A wearable heart rate monitor is one thing, but what about a system that’s able to estimate a person’s heartbeat from footage of their face alone? That’s what researchers at the Chinese Academy of Sciences set out to design in a preprint paper published on Arxiv.org. In it, they describe RhythmNet, an end-to-end trainable heart rate estimator that taps AI and photoplethysmography (PPG) — an optical technique that detects blood volume changes in skin tissue — to address challenges in head movement and variations in lighting.

As the researchers explain, PPG-based HR estimation is made possible by the fact that skin light absorption varies periodically with the blood volume pulse (BVP). Chromosomes like hemoglobin in the microvasculars of the dermis and subcutis layers take in a disproportionate amount of light, such that tiny color changes occur as blood pumps through underlying veins and arteries.
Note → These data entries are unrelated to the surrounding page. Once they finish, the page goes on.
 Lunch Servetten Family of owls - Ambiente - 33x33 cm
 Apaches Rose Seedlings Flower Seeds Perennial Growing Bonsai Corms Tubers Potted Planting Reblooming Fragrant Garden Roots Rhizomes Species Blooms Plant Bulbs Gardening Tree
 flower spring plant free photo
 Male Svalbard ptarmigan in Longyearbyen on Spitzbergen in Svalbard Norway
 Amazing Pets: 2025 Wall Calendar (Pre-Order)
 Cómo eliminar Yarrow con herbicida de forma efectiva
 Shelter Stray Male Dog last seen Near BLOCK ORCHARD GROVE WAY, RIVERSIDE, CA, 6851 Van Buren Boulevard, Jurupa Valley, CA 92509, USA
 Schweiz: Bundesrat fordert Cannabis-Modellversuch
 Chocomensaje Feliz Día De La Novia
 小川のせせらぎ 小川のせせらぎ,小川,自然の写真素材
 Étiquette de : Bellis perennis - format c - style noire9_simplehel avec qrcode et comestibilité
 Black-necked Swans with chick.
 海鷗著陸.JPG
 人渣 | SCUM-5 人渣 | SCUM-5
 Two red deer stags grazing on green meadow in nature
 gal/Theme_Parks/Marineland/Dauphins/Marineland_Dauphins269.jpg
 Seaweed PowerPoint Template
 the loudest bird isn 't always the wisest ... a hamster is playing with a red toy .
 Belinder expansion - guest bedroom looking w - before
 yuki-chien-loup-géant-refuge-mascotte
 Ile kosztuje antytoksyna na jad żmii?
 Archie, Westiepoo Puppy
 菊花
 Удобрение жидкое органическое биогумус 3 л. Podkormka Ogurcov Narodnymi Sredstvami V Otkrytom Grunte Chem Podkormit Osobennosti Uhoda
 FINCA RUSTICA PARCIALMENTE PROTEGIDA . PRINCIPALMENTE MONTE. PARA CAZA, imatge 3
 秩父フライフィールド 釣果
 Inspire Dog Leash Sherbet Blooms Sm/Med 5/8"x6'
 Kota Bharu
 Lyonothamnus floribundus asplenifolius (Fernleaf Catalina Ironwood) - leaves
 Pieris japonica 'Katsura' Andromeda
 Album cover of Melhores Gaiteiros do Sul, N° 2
They’re invisible to the human eye, but they can be easily captured by RGB sensors like those embedded in wearables.

To train a RhythmNet, the team created a large-scale multi-modal corpus — VIPL-HR1, which is available in open source — containing 2,378 visible light videos and 752 near-infrared videos of 107 subjects. Each clip was captured with a combination of webcams and infrared sensors as a well as smartphones, and contains variations in head movements, head poses (with annotated yaw, pitch, and roll angles), illumination, and device usage.

AI heart rate face

Above: RGB cameras capture skin color changes that can be used to estimate heart rate.

RhythmNet consists of several components, including a face detector that localizes upwards of 81 facial landmarks given a video of a person’s face. A separate component performs alignment and skin segmentation to remove eye regions and other non-face areas, and then generates spatial-temporal maps from video frames 0.5 seconds apart to represent heart rate signals. The maps are fed into a machine learning model trained to predict heart rate from the spatial-temporal maps, after which the estimated beats per minute is computed as the average of all the estimated rates from individual clips.

The researchers evaluated their system on two widely-used databases in MAHNOB-HCI and MMSE-HR, as well as their own. They report that for most of the samples (71%) tested against VIPL-HR1, RhythmNet achieved a heart rate estimation error lower than 5 beats per minute and that it correlated well with the ground truth between 47 beats per minute and 147 beats per minute. Moreover, they say that error rates on MAHNOB-HCI and MMSE-HR didn’t exceed 8.28 beats per minute, outperforming the previous work to which the model was compared.

The team says it plans to investigate the effectiveness of its approach for the other physiological status measurement tasks, such as the breath rate and blood pressure measurement from videos. It also hopes to develop a more robust heart rate estimation model that taps distribution learning and multi-task learning techniques.

“Heart rate is an important physiological signal that reflects the physical and emotional status of a person. Traditional heart rate measurements usually rely on contact monitors, which may cause inconvenience and discomfort,” the paper’s coauthors wrote. “[Our] proposed [system] achieves promising heart rate estimation accuracies in both within-database and cross-database testing scenarios [from the face alone].”